### What to produce
Give the data back exactly. Leave out any images.

### Dataset section
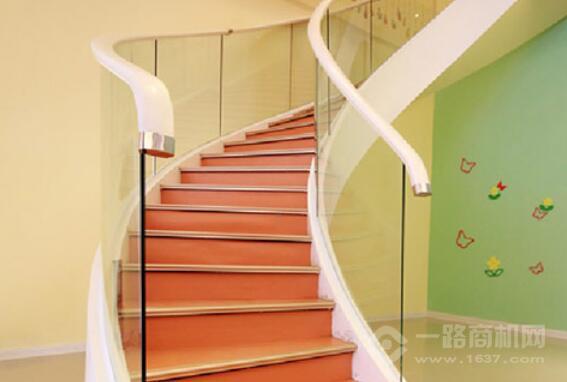 金莎丽纳米彩晶膜加盟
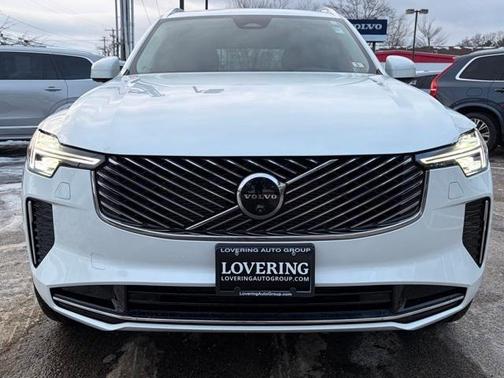 2025 Volvo XC90 B6 Plus 7-Seater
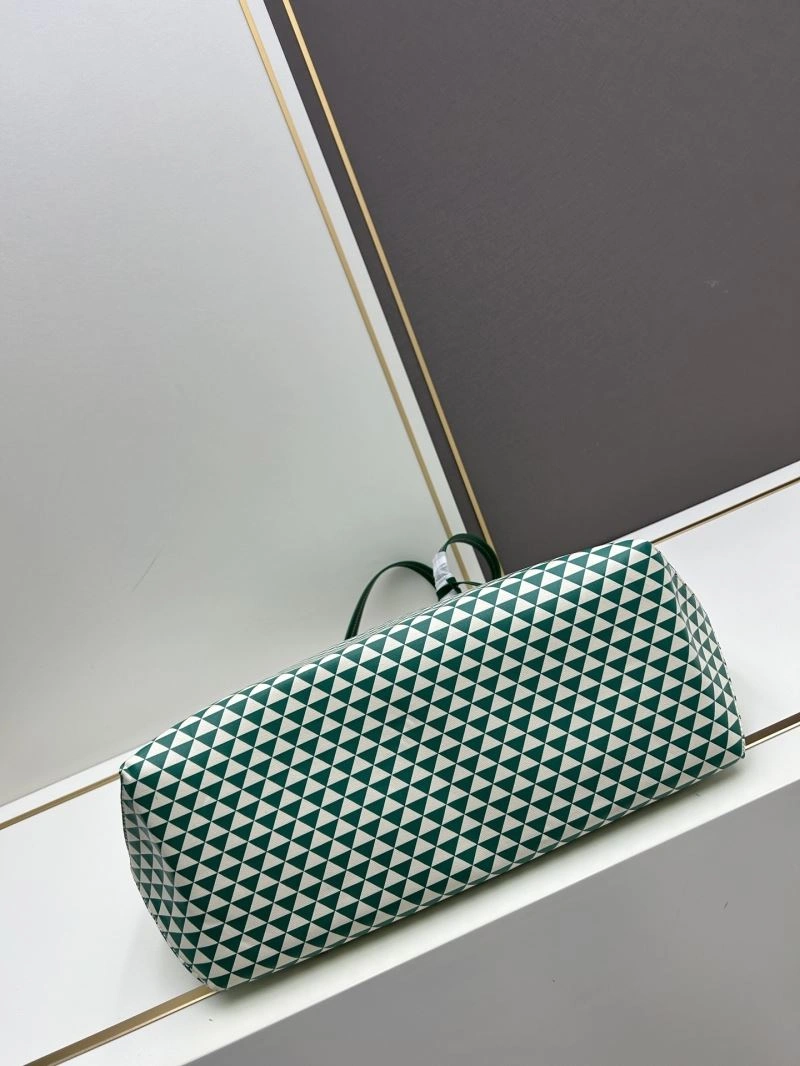 UrbanChic Prada Shopping Bags 82764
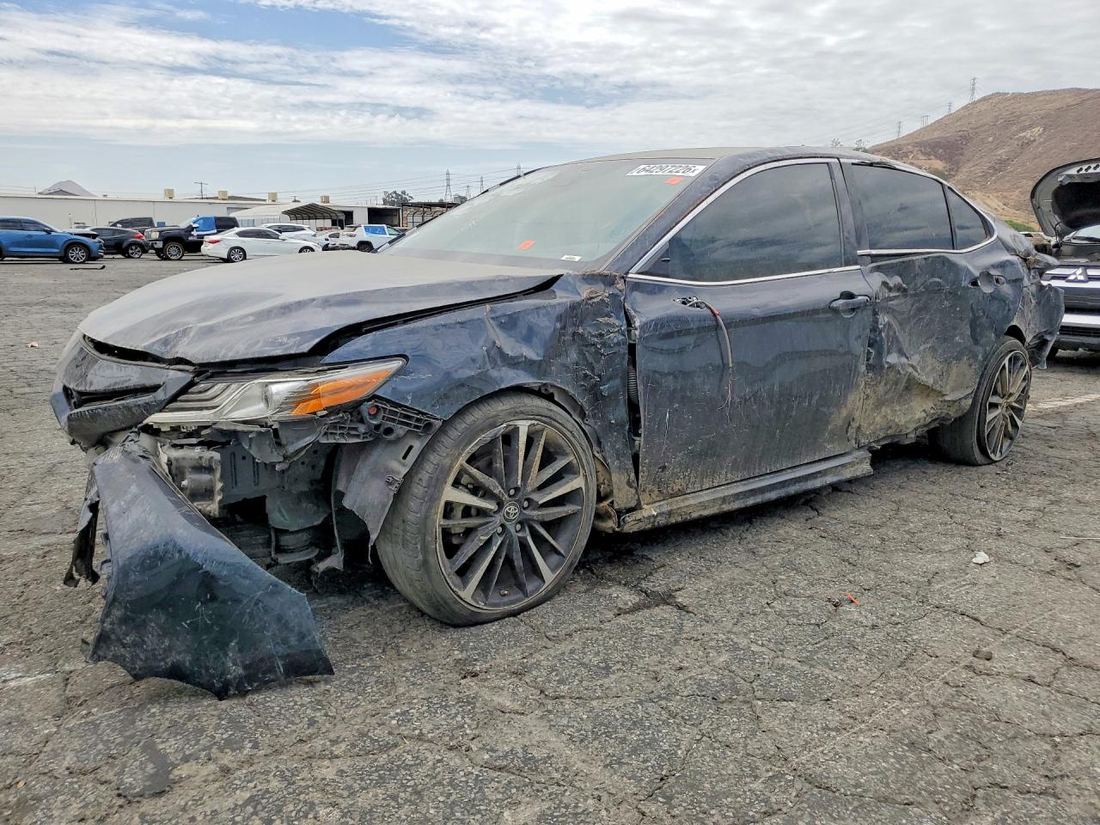 2019 TOYOTA CAMRY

### Task result
 金莎丽纳米彩晶膜加盟
 2025 Volvo XC90 B6 Plus 7-Seater
 UrbanChic Prada Shopping Bags 82764
 2019 TOYOTA CAMRY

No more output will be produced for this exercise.